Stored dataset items

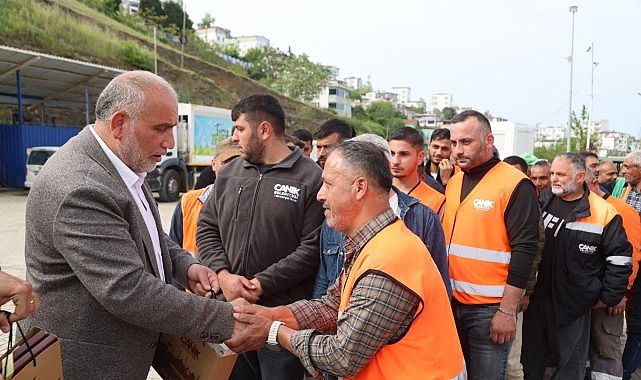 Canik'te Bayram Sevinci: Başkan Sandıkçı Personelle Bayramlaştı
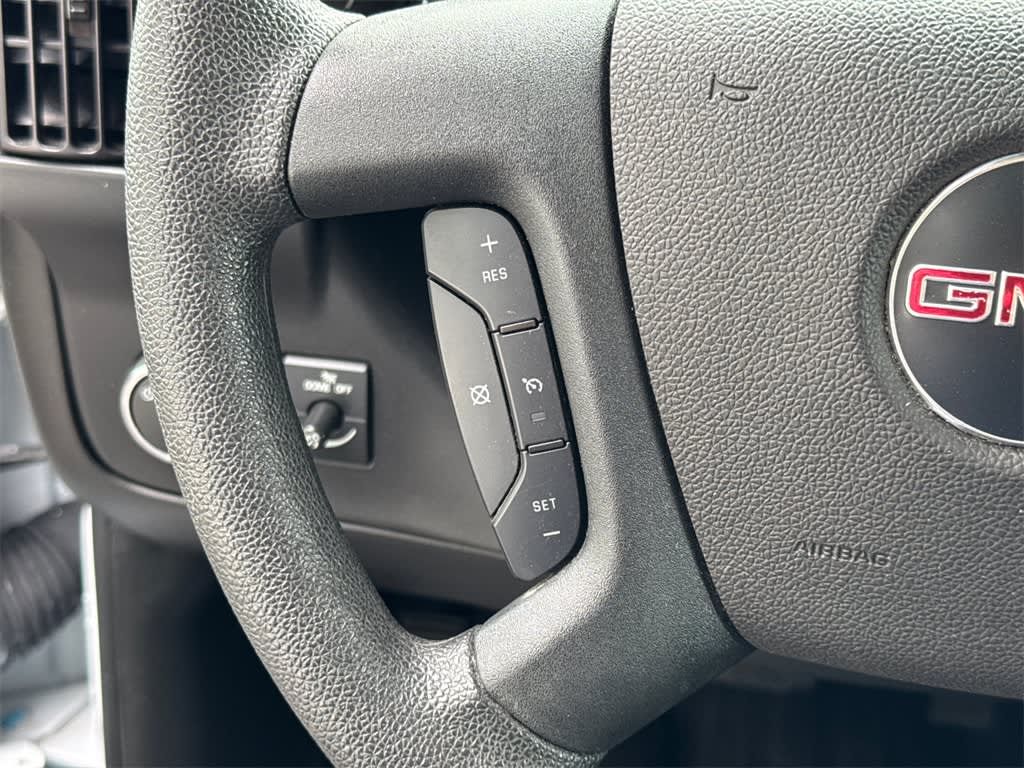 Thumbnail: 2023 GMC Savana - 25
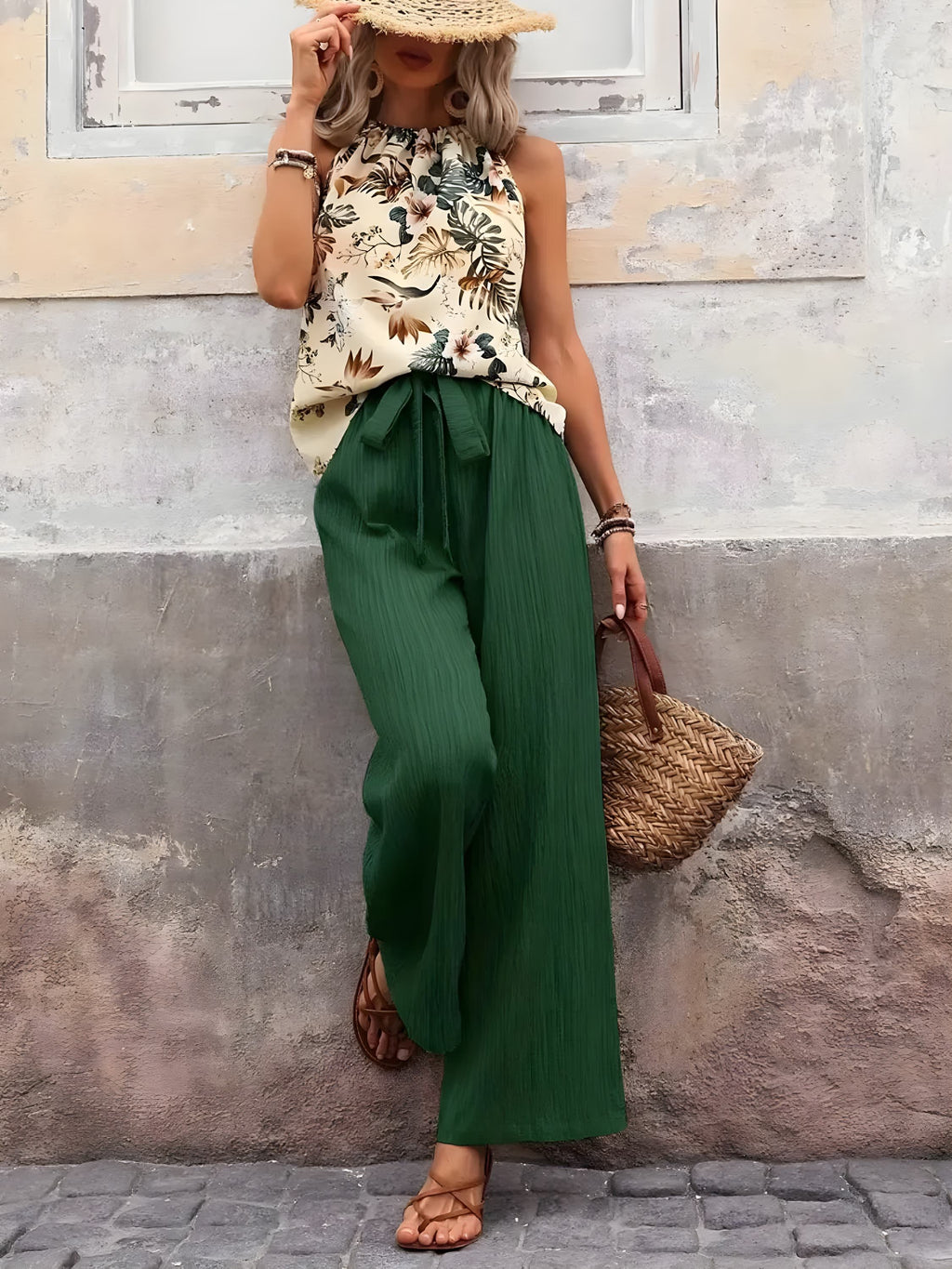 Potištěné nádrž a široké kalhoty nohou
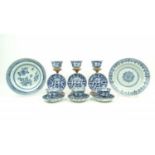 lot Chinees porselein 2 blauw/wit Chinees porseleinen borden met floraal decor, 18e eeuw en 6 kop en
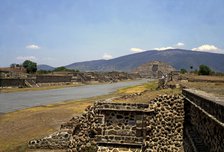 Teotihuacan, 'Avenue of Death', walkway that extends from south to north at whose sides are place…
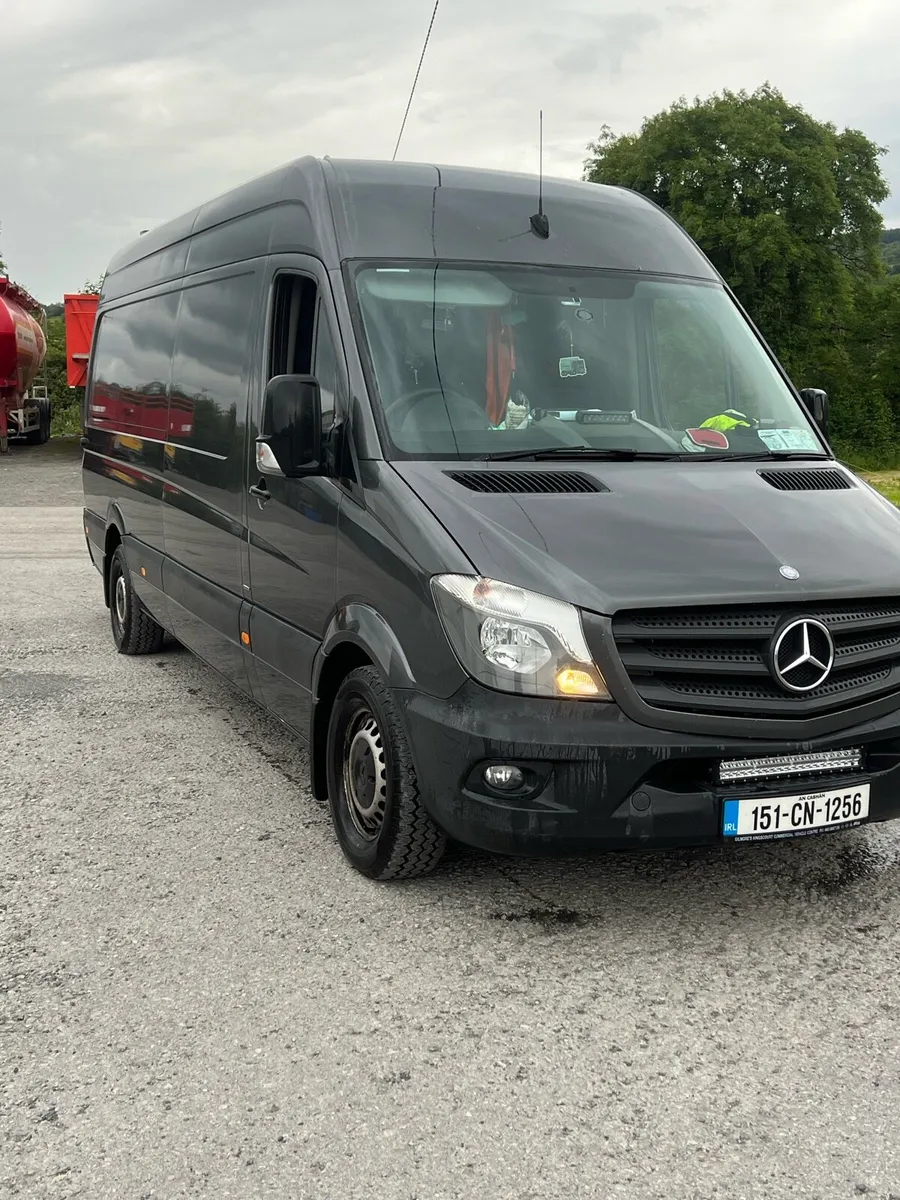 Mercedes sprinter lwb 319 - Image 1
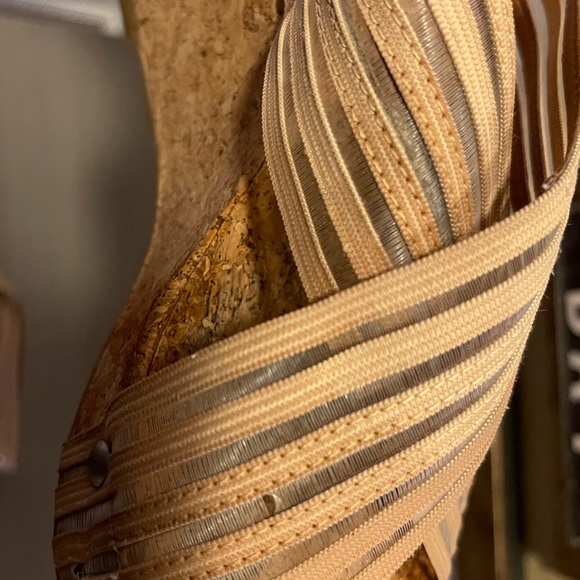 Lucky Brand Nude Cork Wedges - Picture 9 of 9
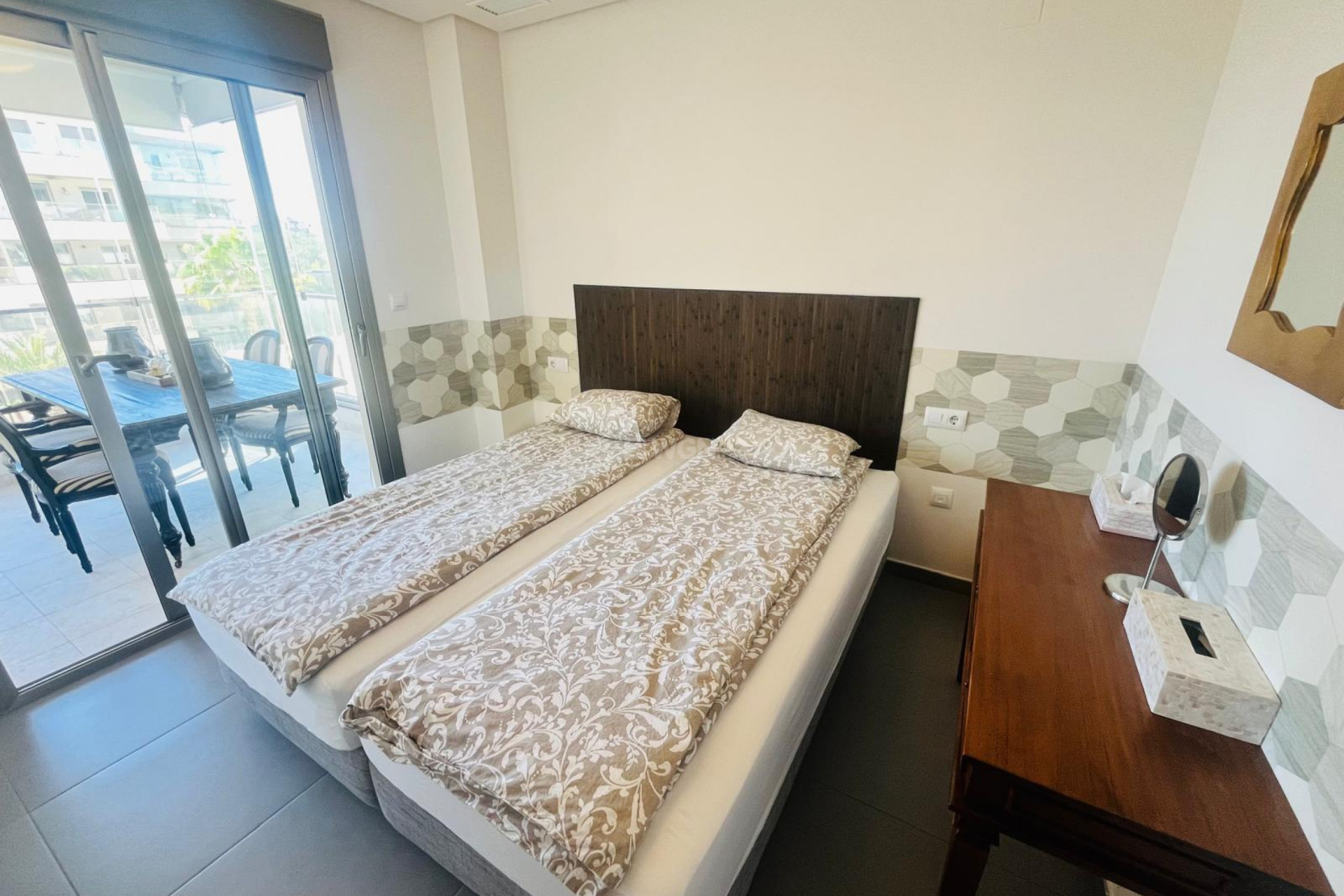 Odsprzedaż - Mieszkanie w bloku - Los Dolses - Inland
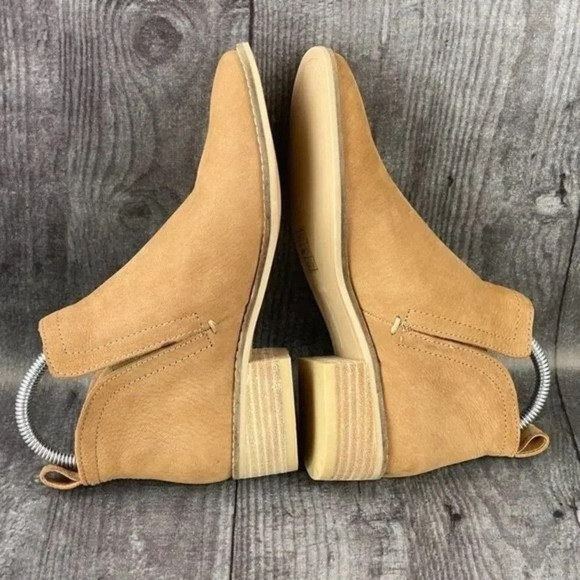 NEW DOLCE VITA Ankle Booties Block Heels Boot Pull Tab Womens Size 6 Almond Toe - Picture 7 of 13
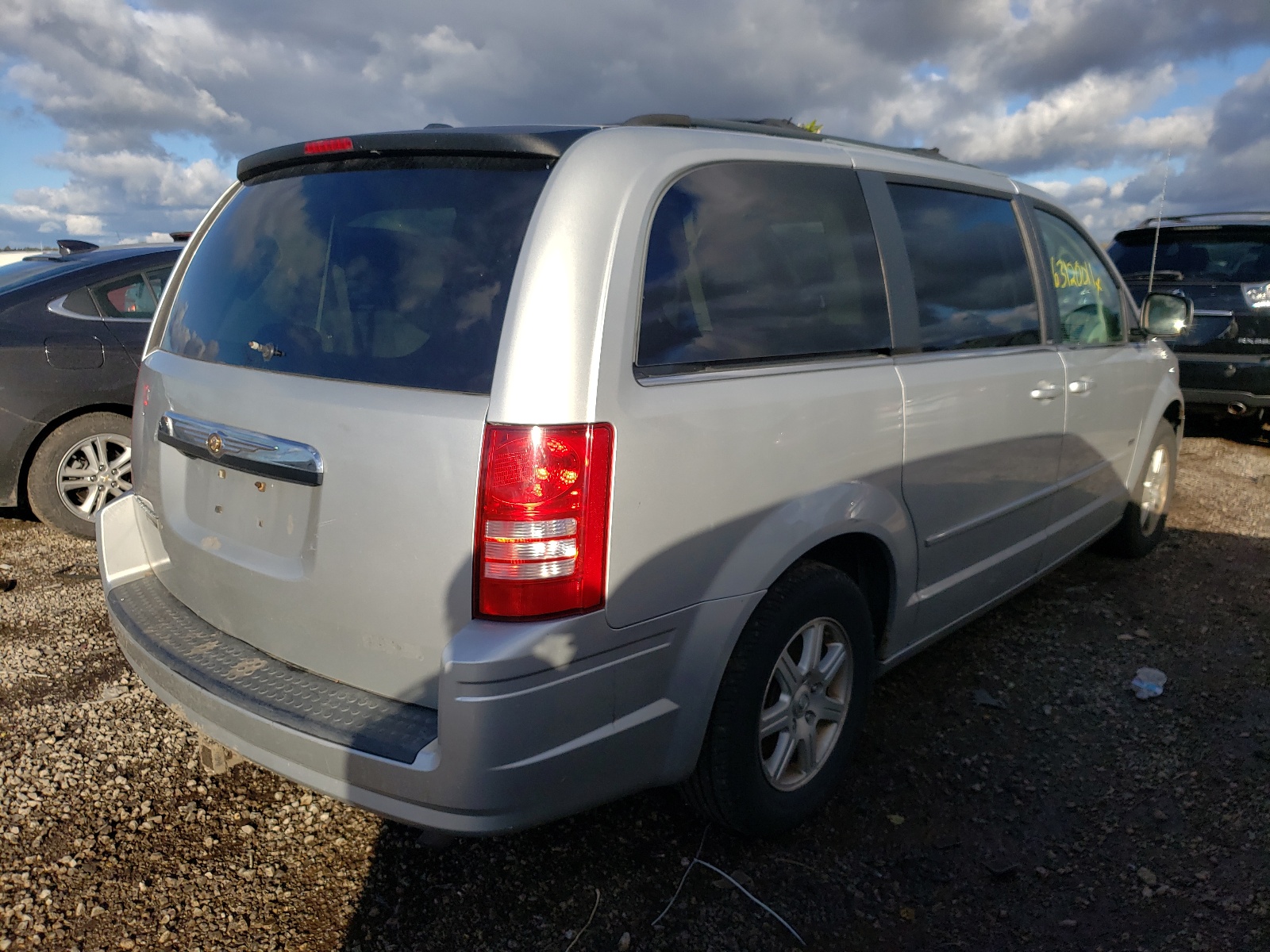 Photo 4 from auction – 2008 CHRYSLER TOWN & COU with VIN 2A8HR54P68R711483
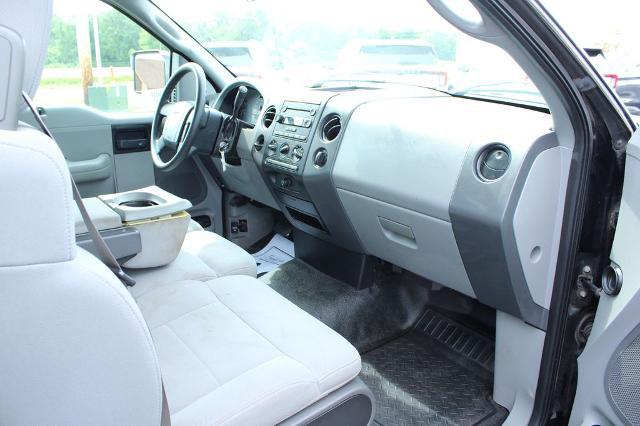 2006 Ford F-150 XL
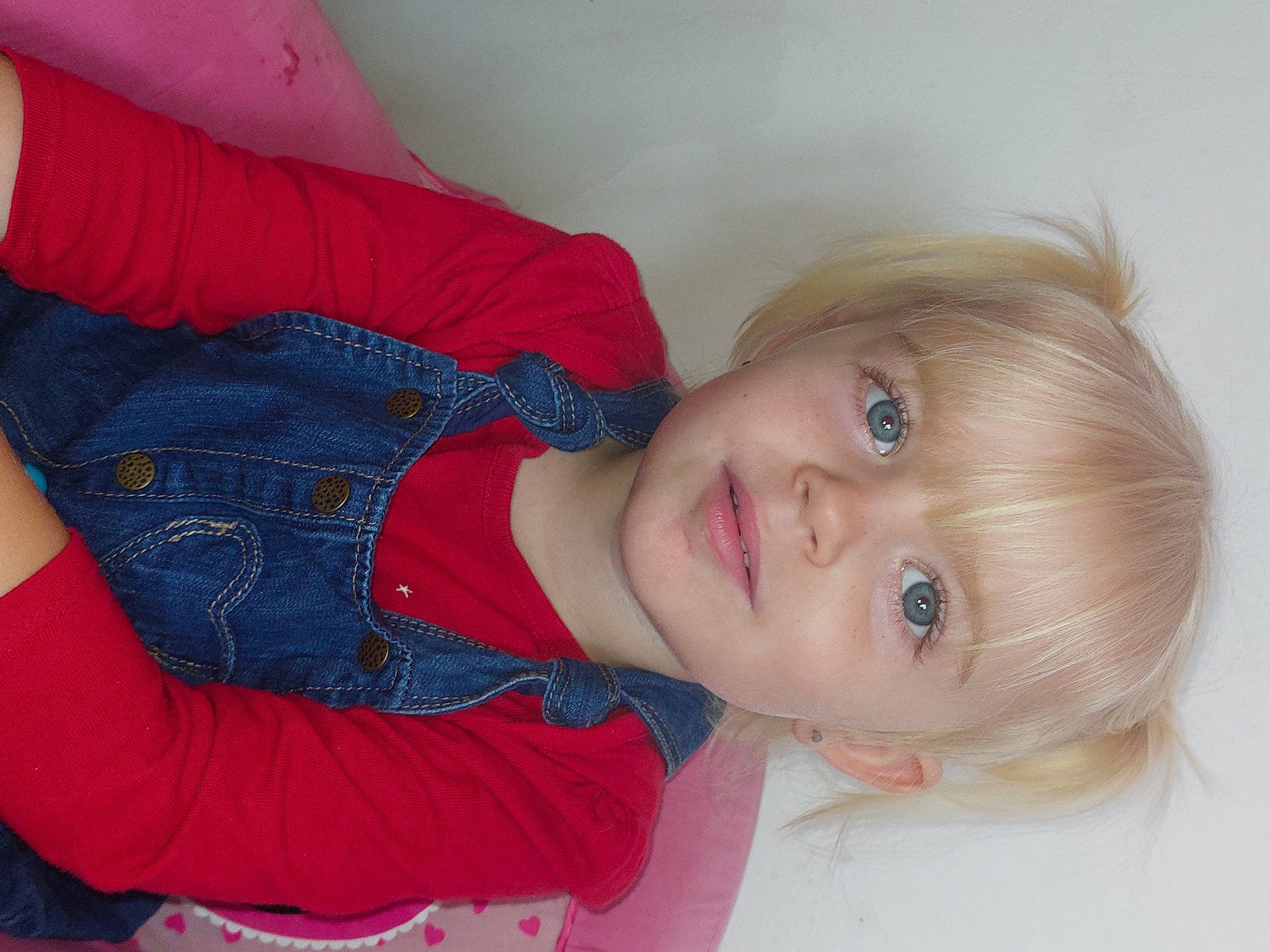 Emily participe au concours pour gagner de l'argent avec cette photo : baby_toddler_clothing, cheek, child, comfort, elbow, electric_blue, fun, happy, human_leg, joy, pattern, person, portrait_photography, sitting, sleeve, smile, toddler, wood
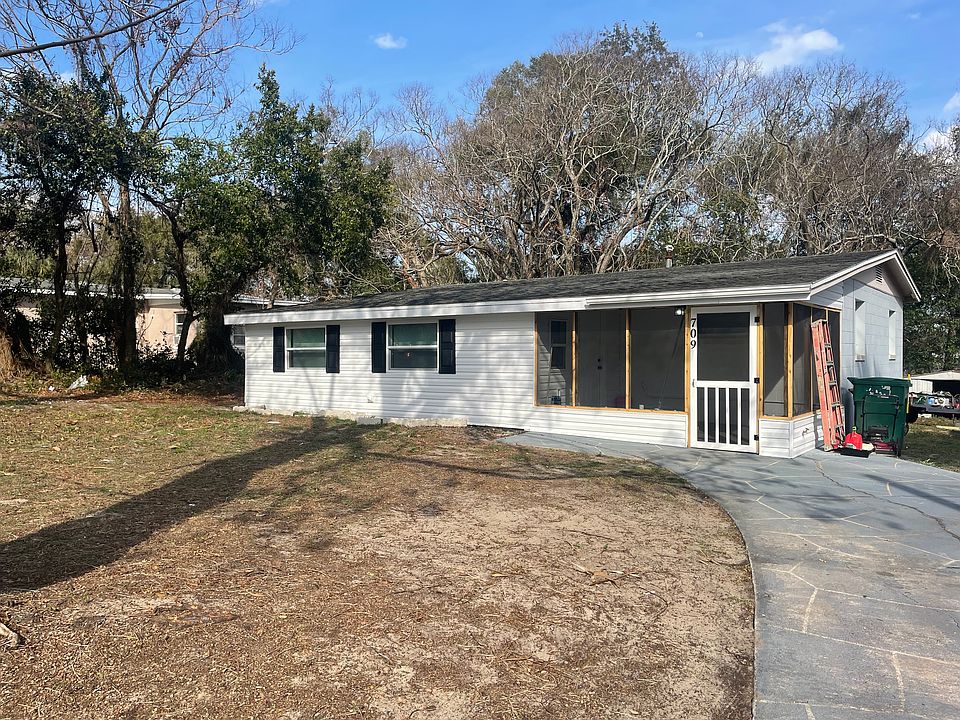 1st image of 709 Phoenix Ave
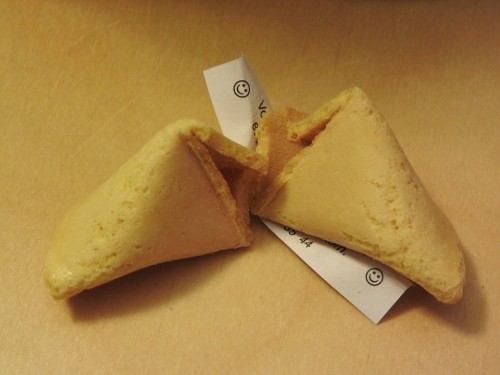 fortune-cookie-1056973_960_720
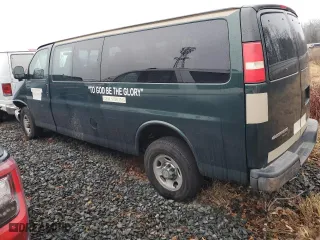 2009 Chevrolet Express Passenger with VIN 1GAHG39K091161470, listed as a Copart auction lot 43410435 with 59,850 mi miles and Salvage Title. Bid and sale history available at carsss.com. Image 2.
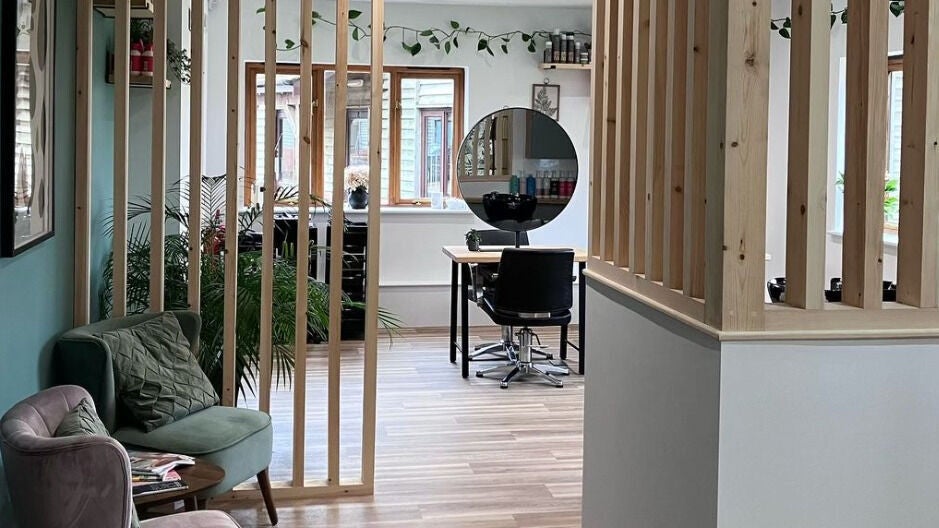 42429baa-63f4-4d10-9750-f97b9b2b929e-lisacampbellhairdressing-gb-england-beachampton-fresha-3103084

# EXERCISE AIM
Reproduce the entries exactly. Do not carry over any picture.

# EXERCISE RESPONSE
 Canik'te Bayram Sevinci: Başkan Sandıkçı Personelle Bayramlaştı
 Thumbnail: 2023 GMC Savana - 25
 Potištěné nádrž a široké kalhoty nohou
 lot Chinees porselein 2 blauw/wit Chinees porseleinen borden met floraal decor, 18e eeuw en 6 kop en
 Teotihuacan, 'Avenue of Death', walkway that extends from south to north at whose sides are place…
 Mercedes sprinter lwb 319 - Image 1
 Lucky Brand Nude Cork Wedges - Picture 9 of 9
 Odsprzedaż - Mieszkanie w bloku - Los Dolses - Inland
 NEW DOLCE VITA Ankle Booties Block Heels Boot Pull Tab Womens Size 6 Almond Toe - Picture 7 of 13
 Photo 4 from auction – 2008 CHRYSLER TOWN & COU with VIN 2A8HR54P68R711483
 2006 Ford F-150 XL
 Emily participe au concours pour gagner de l'argent avec cette photo : baby_toddler_clothing, cheek, child, comfort, elbow, electric_blue, fun, happy, human_leg, joy, pattern, person, portrait_photography, sitting, sleeve, smile, toddler, wood
 1st image of 709 Phoenix Ave
 fortune-cookie-1056973_960_720
 2009 Chevrolet Express Passenger with VIN 1GAHG39K091161470, listed as a Copart auction lot 43410435 with 59,850 mi miles and Salvage Title. Bid and sale history available at carsss.com. Image 2.
 42429baa-63f4-4d10-9750-f97b9b2b929e-lisacampbellhairdressing-gb-england-beachampton-fresha-3103084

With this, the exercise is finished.